● Collected data

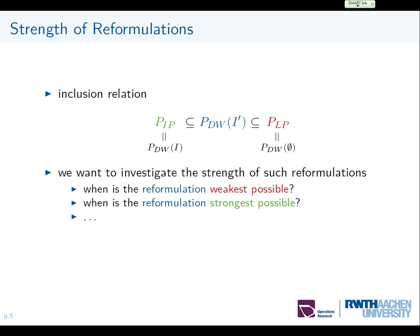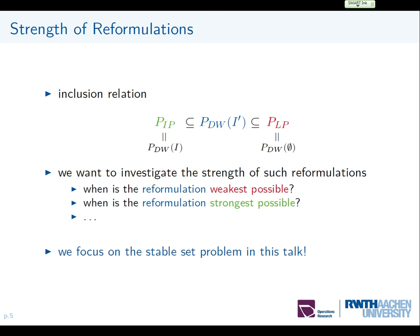We are interested in investigating the strength of such reformulations — what I will call the weakest and the strongest possible. The weakest is when the Dantzig-Wolfe polytope equals the LP feasible set, and the strongest is when it equals the integer hull. Since this is hard for general integer programs, we will focus on the stable set problem, which is well understood.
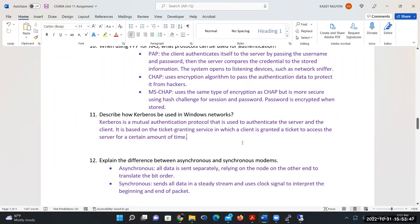Modems are used in network connections and remote access. There are two types of modem connections: asynchronous and synchronous. Synchronous means together; asynchronous means separate. In asynchronous, the modem sends data separately and relies on the receiving node to translate based on bit order. In a synchronous system, all data is sent in a stream together using a clock signal to sync the beginning and end packets.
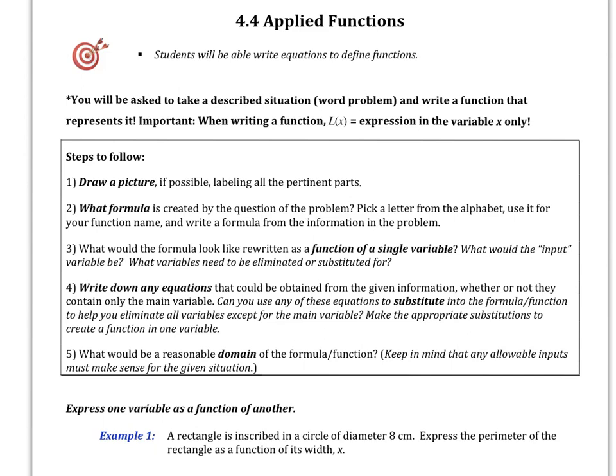Welcome to the first day of 4-4. Our focus is going to be on writing equations. When we do this, we want to make sure that we are writing our equations in terms of x. What that means is we want x on one side — we're not solving for x. Think more in terms of like y equals mx plus b. We want our equations in terms of x.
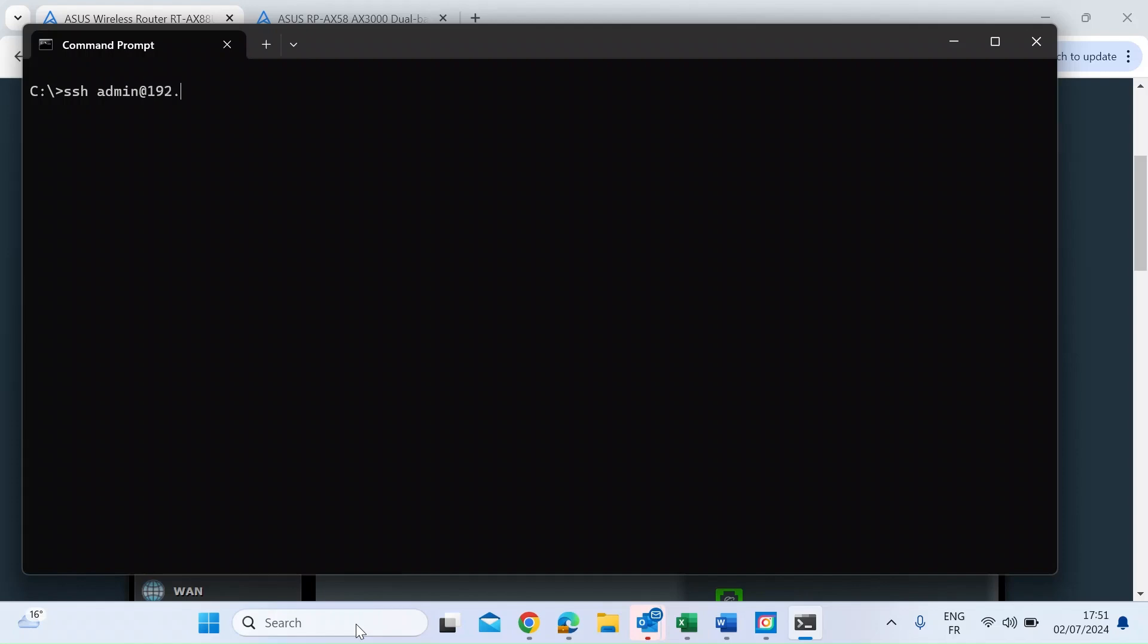So that was 192.168.1.168, and press Enter. And then just enter the password that you would use to get into your ASUS router as normal. So let's just go ahead and enter that.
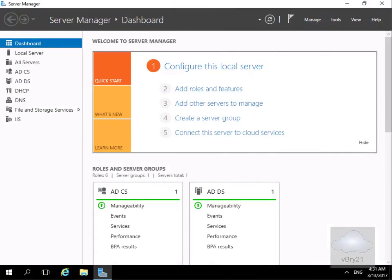In this demonstration we're going to look at configuring an iSCSI target and also an iSCSI initiator using Microsoft technologies. I've come to my server and I'm going to make this server an iSCSI target. At this point, we'll have devices out on the network connecting through to the shared storage that we will have on this device.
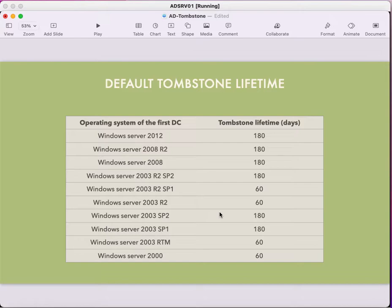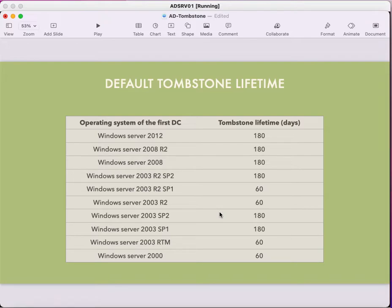Based on the operating system, Tombstone lifetime is default-configured differently. On Windows Server 2003 R2 Service Pack 2 it is 180 days, but before that — on 2003 R2 Service Pack 1 — it was 60 days. After 2003 R2 Service Pack 2, Tombstone lifetime was increased from 60 to 180 days. This is a common interview question: what is the Tombstone lifetime, and is it based on operating system or default configuration? It is the default configuration, but it depends on the operating system.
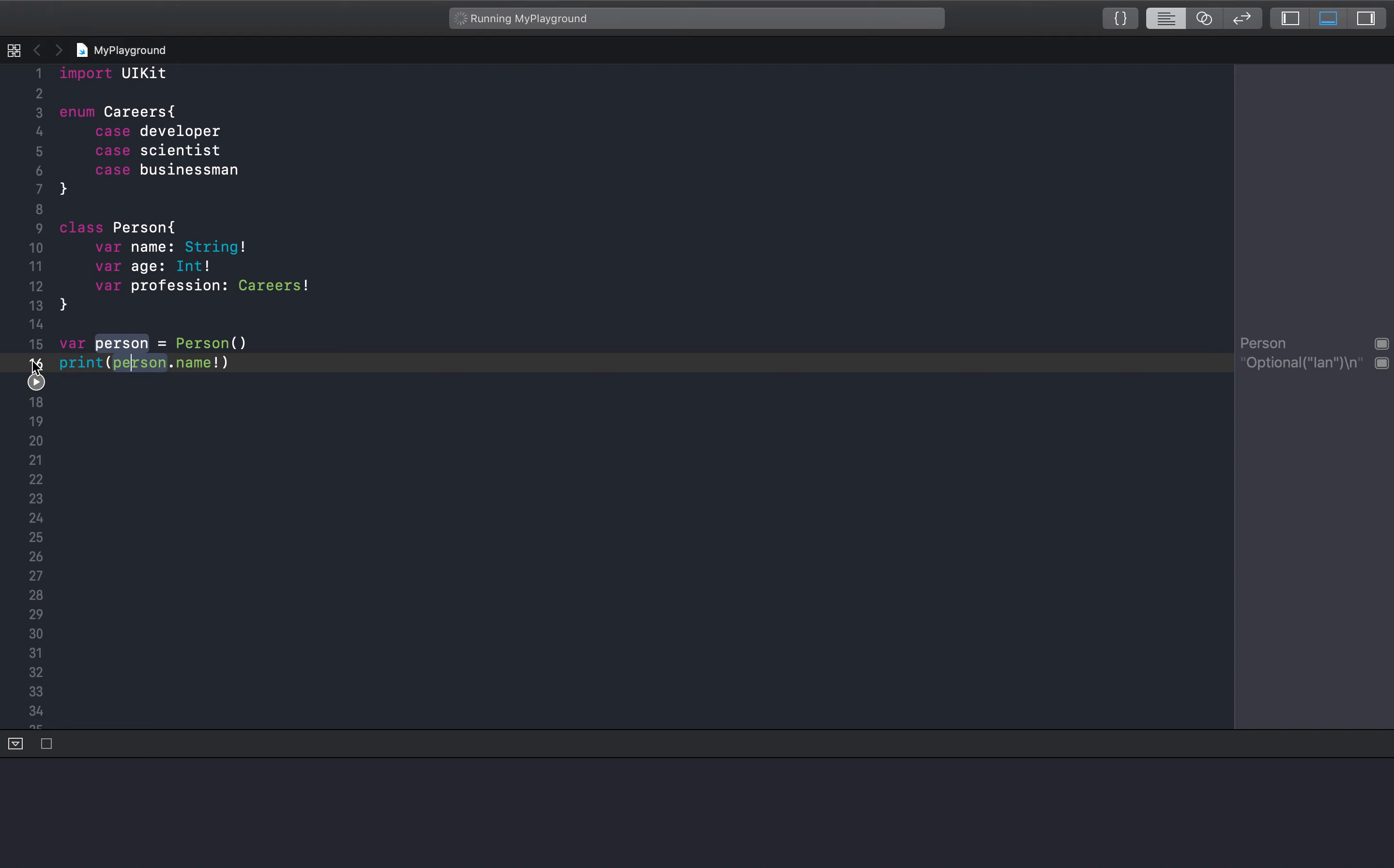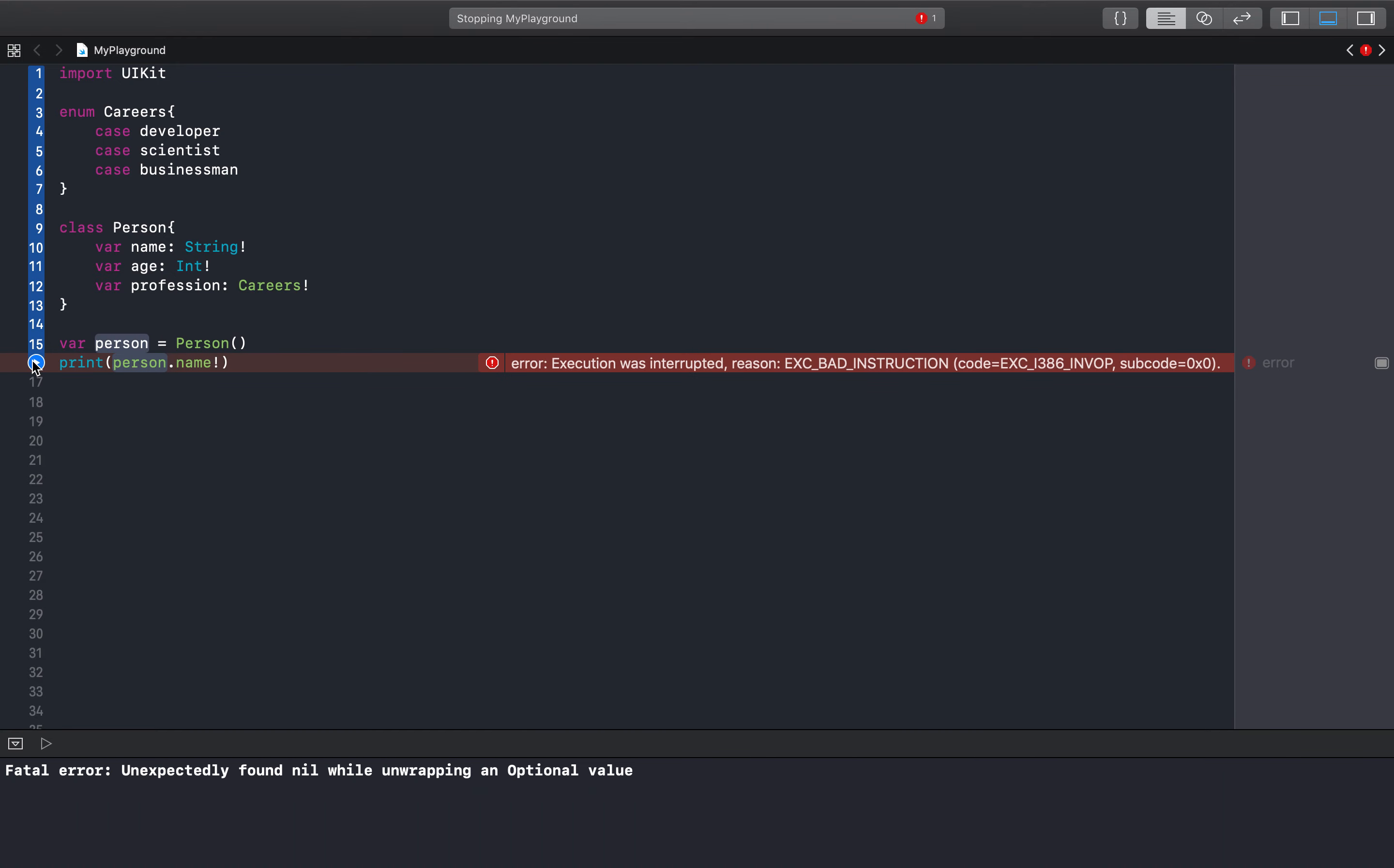So if we run this, then we will get an unexpectedly found nil while unwrapping an optional value. That means that we force unwrapped something that didn't actually have anything in the first place, and it crashed our code.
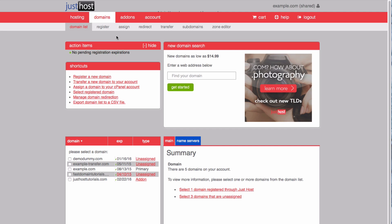This will bring you to your Domain Manager, and now you need to choose Zone Editor.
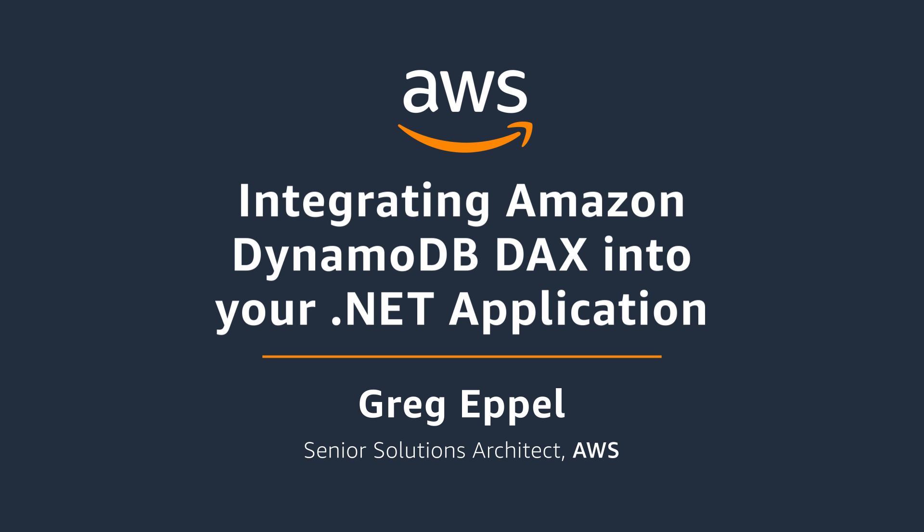To access your DAX cluster, you'll need to access it from an Amazon EC2 instance in the same Amazon VPC. In this video, I'm building and running my .NET application from an EC2 instance in the same VPC as the DynamoDB DAX cluster.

● What is being asked
Leaving the pictures out, give back each line above exactly.

● Exercise output
We are interested in investigating the strength of such reformulations — what I will call the weakest and the strongest possible. The weakest is when the Dantzig-Wolfe polytope equals the LP feasible set, and the strongest is when it equals the integer hull. Since this is hard for general integer programs, we will focus on the stable set problem, which is well understood.
Modems are used in network connections and remote access. There are two types of modem connections: asynchronous and synchronous. Synchronous means together; asynchronous means separate. In asynchronous, the modem sends data separately and relies on the receiving node to translate based on bit order. In a synchronous system, all data is sent in a stream together using a clock signal to sync the beginning and end packets.
Welcome to the first day of 4-4. Our focus is going to be on writing equations. When we do this, we want to make sure that we are writing our equations in terms of x. What that means is we want x on one side — we're not solving for x. Think more in terms of like y equals mx plus b. We want our equations in terms of x.
So that was 192.168.1.168, and press Enter. And then just enter the password that you would use to get into your ASUS router as normal. So let's just go ahead and enter that.
In this demonstration we're going to look at configuring an iSCSI target and also an iSCSI initiator using Microsoft technologies. I've come to my server and I'm going to make this server an iSCSI target. At this point, we'll have devices out on the network connecting through to the shared storage that we will have on this device.
Based on the operating system, Tombstone lifetime is default-configured differently. On Windows Server 2003 R2 Service Pack 2 it is 180 days, but before that — on 2003 R2 Service Pack 1 — it was 60 days. After 2003 R2 Service Pack 2, Tombstone lifetime was increased from 60 to 180 days. This is a common interview question: what is the Tombstone lifetime, and is it based on operating system or default configuration? It is the default configuration, but it depends on the operating system.
So if we run this, then we will get an unexpectedly found nil while unwrapping an optional value. That means that we force unwrapped something that didn't actually have anything in the first place, and it crashed our code.
This will bring you to your Domain Manager, and now you need to choose Zone Editor.
To access your DAX cluster, you'll need to access it from an Amazon EC2 instance in the same Amazon VPC. In this video, I'm building and running my .NET application from an EC2 instance in the same VPC as the DynamoDB DAX cluster.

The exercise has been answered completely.